Learning Dynamical Systems Encoding Non-Linearity within Space Curvature

TL;DR

This paper introduces a geometrical method to learn stable, non-linear dynamical systems for robotics by encoding non-linearity within space curvature, enabling adaptive obstacle avoidance and improved complexity without sacrificing stability or efficiency.

Contribution

It presents a novel approach that models dynamical systems as harmonic oscillators on a curved manifold, allowing seamless integration of environmental changes and obstacle avoidance.

Findings

Effective encoding of non-linearity within space curvature.

Demonstrated obstacle avoidance through local space deformations.

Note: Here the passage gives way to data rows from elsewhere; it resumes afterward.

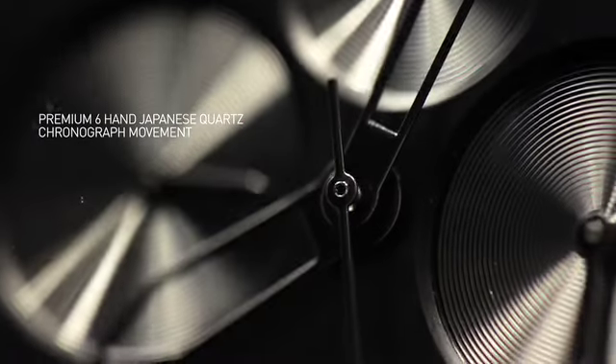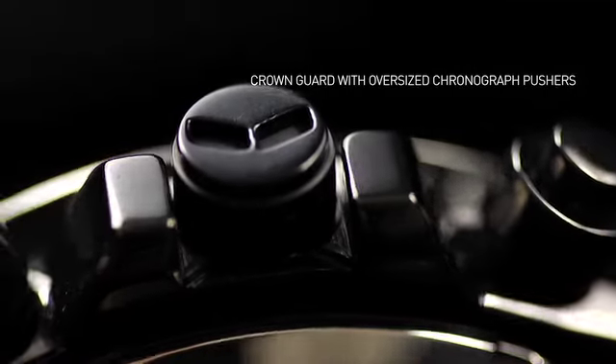It features a premium six-hand Japanese quartz movement with date, has a 52mm 316L surgical grade stainless steel case, and has a crown guard with oversized chronograph pushers.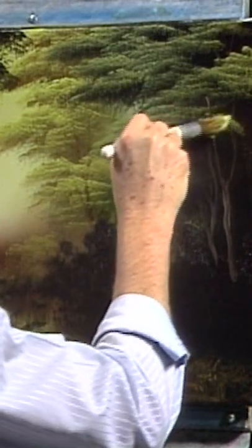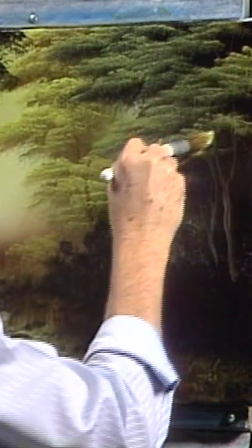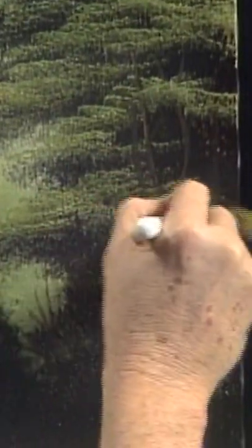And we continue with our leaves now. Put a few more little leaves on here, right on out in here. Already, it looks like a place where there'd be a lot of mosquitoes living, a lot of little things. But at the same time, there'd be a lot of fantastic little creatures.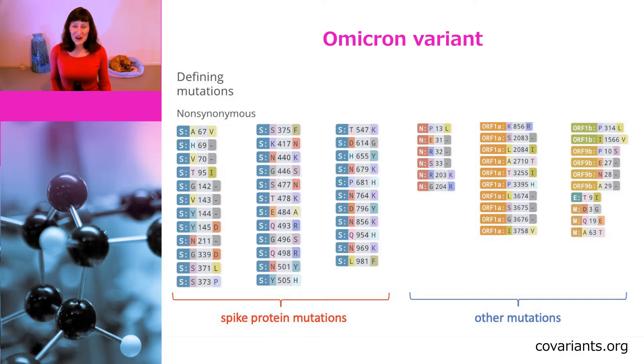At the moment there is a lot more that we don't know, but let's go back to the science and look at what we do know. This figure comes from covariances.org and it lists all the known mutations of the Omicron variant, which is also known as B.1.1.529.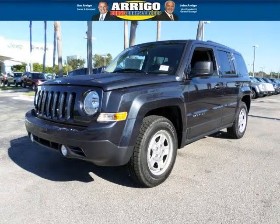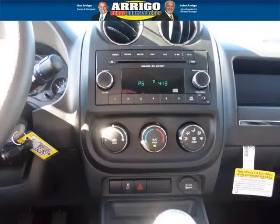Do you want to stretch your purchasing power? Well, take a look at this outstanding 2015 Jeep Patriot. This Patriot would look so much better with you behind the wheel instead of sitting on our lot.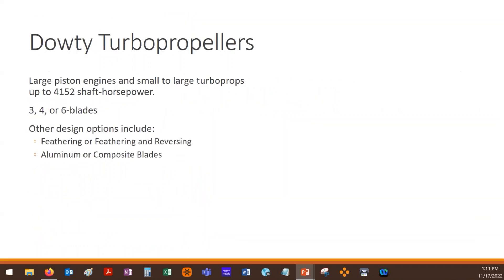The third manufacturer we're looking at in detail is Dowty, or Dowty-Rotol. Dowty makes some of the largest propellers out there. They range from small turboprops — they're one of the options on the 34-passenger Saab 340 — but they're also on the Q400, which is a 50-passenger airplane. So these cover large pistons and small to large turboprops, maxing out at around 4,100 horsepower. Options include feathering or feathering and reversing, with various series in aluminum or composite.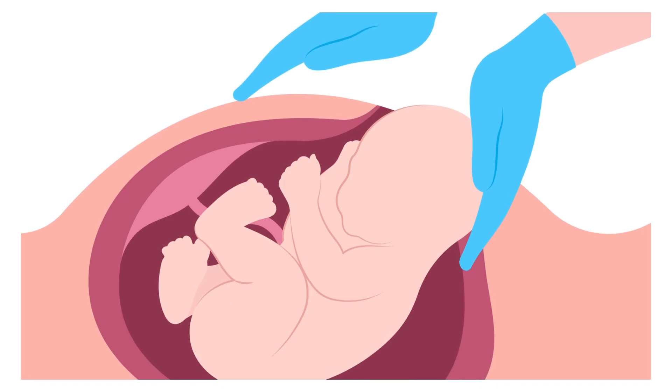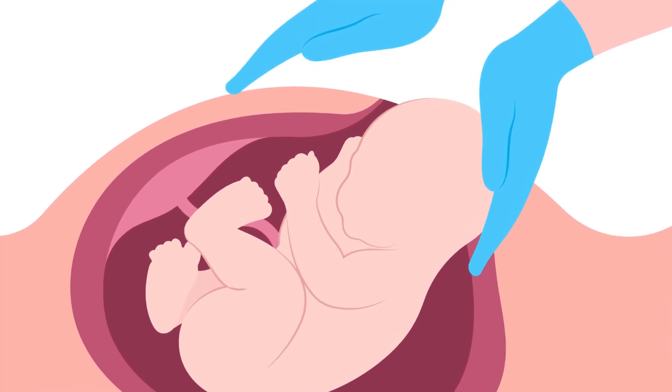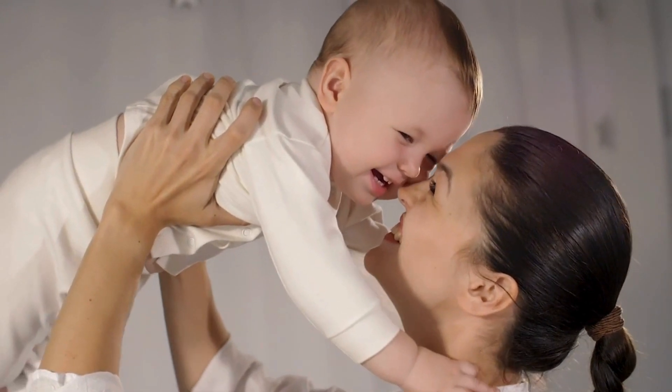An anterior placenta is just a different place for the placenta to be, and it's usually fine for both the mom and the baby.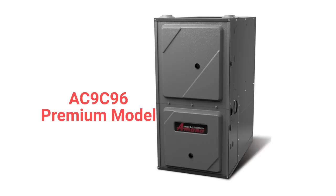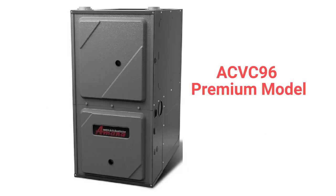The AC9C96 is a premium two-stage furnace with a fixed speed blower motor, while the ACVC96 model has a variable speed blower and communicating capability.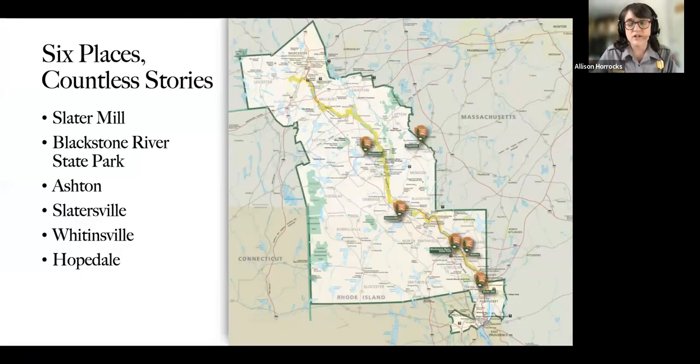There are six places and countless stories. The place where I spend most of my time is the Old Slater Mill National Historic Landmark in Pawtucket, Rhode Island. Not far from there are the Blackstone River State Park, the Ashton Mill Village, the Slatersville Mill Village, Whitensville, Massachusetts, and Hopedale, Massachusetts. The green box on the map outlines the Blackstone River Valley National Heritage Corridor, and the line running through it is the Blackstone River. I'll be taking us to each of these places, starting with Slater Mill and ending with Hopedale.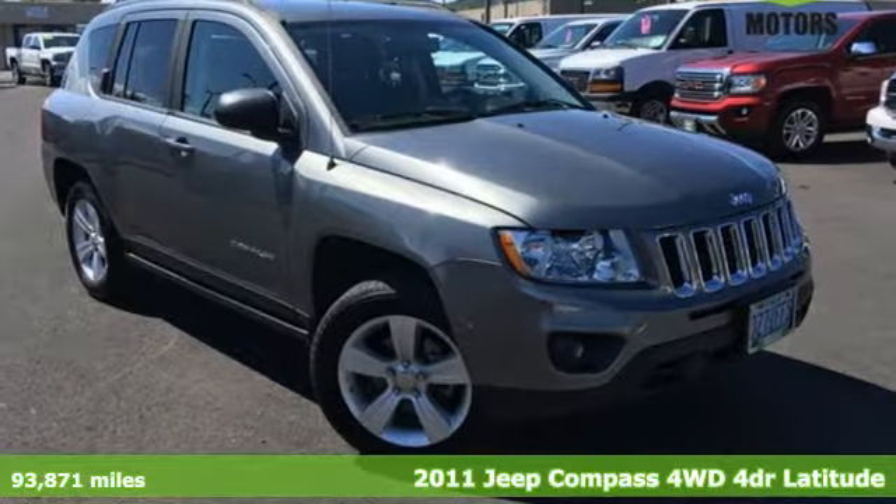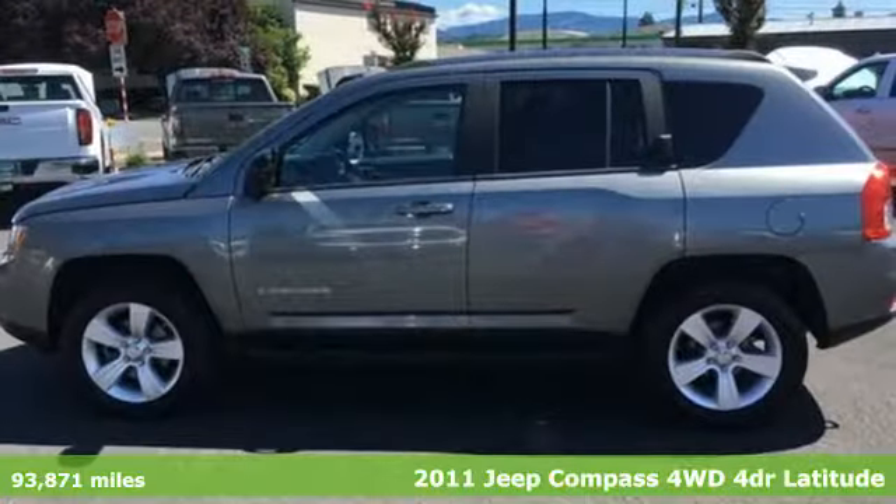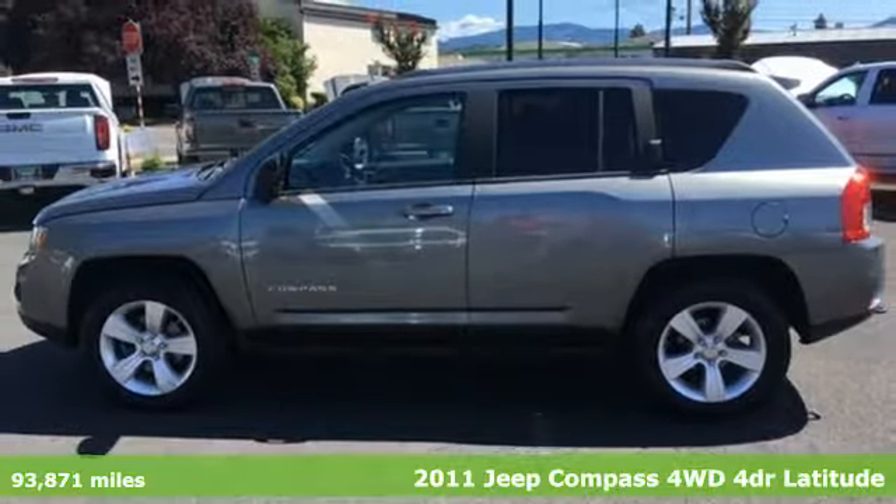It's a 2011 Jeep Compass. Journey anywhere in a Jeep. Plus, it offers an exciting list of features.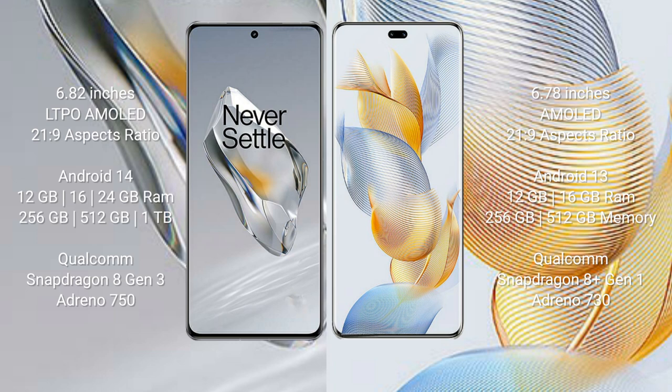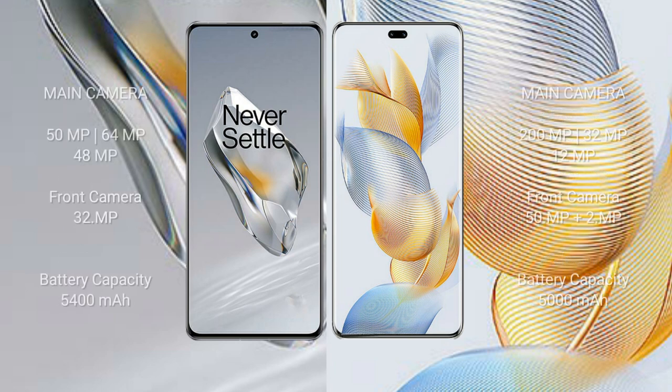The OnePlus 12 offers 256 GB, 512 GB, or 1 TB internal storage, powered by the Qualcomm Snapdragon 8 Gen 3 processor with Adreno 750 GPU. The Honor 90 Pro comes with 12 GB or 16 GB RAM and 256 GB or 512 GB internal storage, powered by the Qualcomm Snapdragon 8 Gen 1 processor with Adreno 730 GPU.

Validated on synthetic and real-world robotic motion scenarios.

Abstract

Dynamical Systems (DS) are an effective and powerful means of shaping high-level policies for robotics control. They provide robust and reactive control while ensuring the stability of the driving vector field. The increasing complexity of real-world scenarios necessitates DS with a higher degree of non-linearity, along with the ability to adapt to potential changes in environmental conditions, such as obstacles. Current learning strategies for DSs often involve a trade-off, sacrificing either stability guarantees or offline computational efficiency in order to enhance the capabilities of the learned DS. Online local adaptation to environmental changes is either not taken into consideration or treated as a separate problem. In this paper, our objective is to introduce a method that enhances the complexity of the learned DS without compromising efficiency during training or stability guarantees. Furthermore, we aim to provide a unified approach for seamlessly integrating the initially learned DS's non-linearity with any local non-linearities that may arise due to changes in the environment. We propose a geometrical approach to learn asymptotically stable non-linear DS for robotics control. Each DS is modeled as a harmonic damped oscillator on a latent manifold. By learning the manifold's Euclidean embedded representation, our approach encodes the non-linearity of the DS within the curvature of the space. Having an explicit embedded representation of the manifold allows us to showcase obstacle avoidance by directly inducing local deformations of the space. We demonstrate the effectiveness of our methodology through two scenarios: first, the 2D learning of synthetic vector fields, and second, the learning of 3D robotic end-effector motions in real-world settings.